Numbers as large as your 786541300837.5601 are no longer precise to the 4th decimal place. In fact 786541300837.56 has exactly the same binary representation as 786541300837.5601.

If you echo 786541300837.56 you also will get 786541300837.5601. And as another surprise echo 786541300837.5601 - 0.0001 will give you 786541300837.5599. No need to open an issue about subtraction sometimes not working...

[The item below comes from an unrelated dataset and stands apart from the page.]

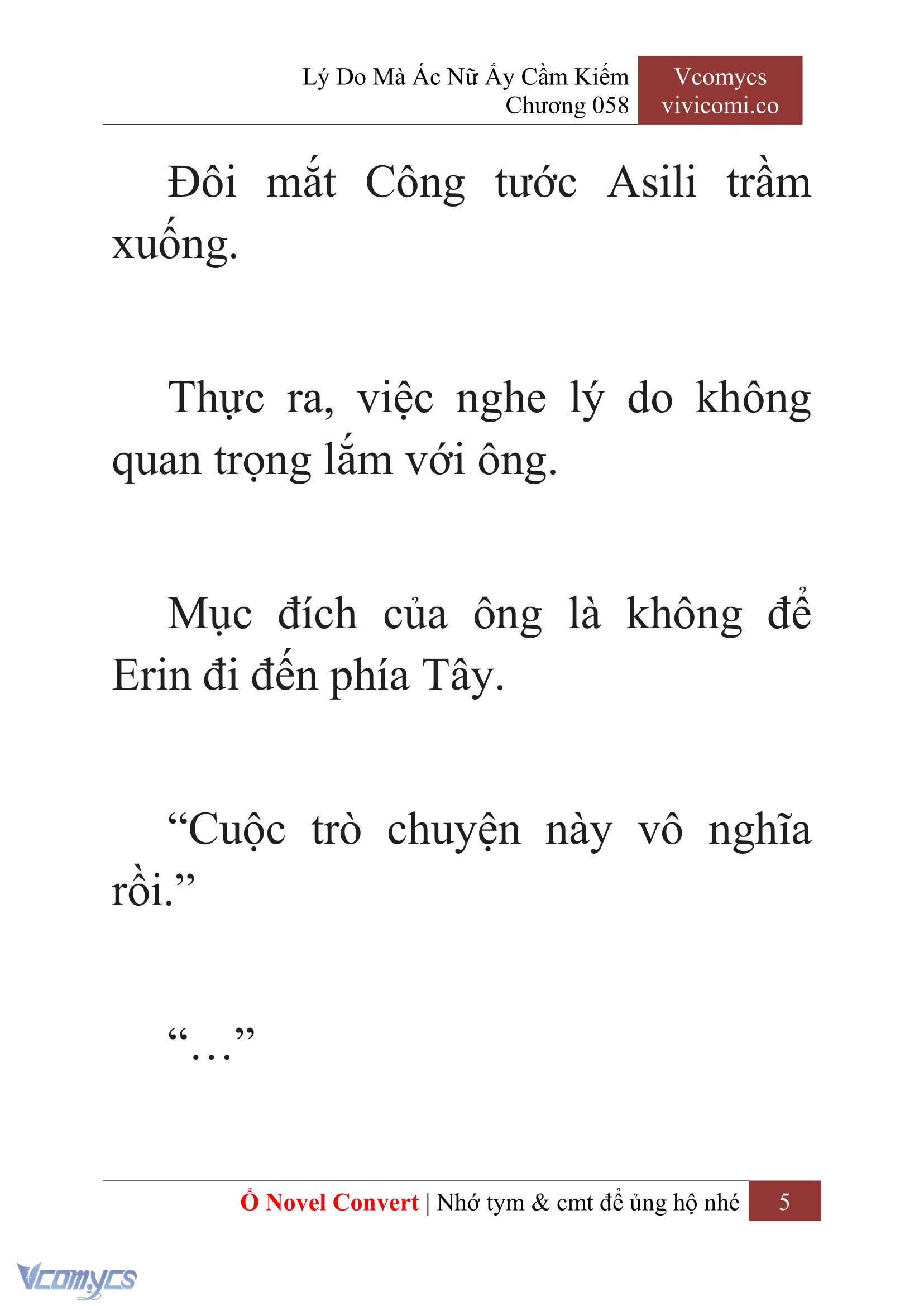 [Novel] Lý Do Mà Ác Nữ Ấy Cầm Kiếm Chap 58 - Next Chap 59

You will also get surprising results from much smaller numbers:

import math, strformat

for i in 1..9:
  let j = float(i) + 0.015
  echo fmt"{j:4g} {j:.16f} {round(j, 2):.2f} {j:.2f}"

produces:

1.015 1.0149999999999999 1.01 1.01
2.015 2.0150000000000001 2.02 2.02
3.015 3.0150000000000001 3.02 3.02
4.015 4.0149999999999997 4.01 4.01
5.015 5.0149999999999997 5.01 5.01
6.015 6.0149999999999997 6.02 6.01
7.015 7.0149999999999997 7.02 7.01
8.015 8.0150000000000006 8.02 8.02
9.015 9.0150000000000006 9.02 9.02

Most people expect that all numbers x in the first column would be rounded to x.02. But thats not the case and this is not due to an error in the rounding procedure, but a consequence of the binary floating-point implementation (IEEE-754) used by most current computers and programming languages.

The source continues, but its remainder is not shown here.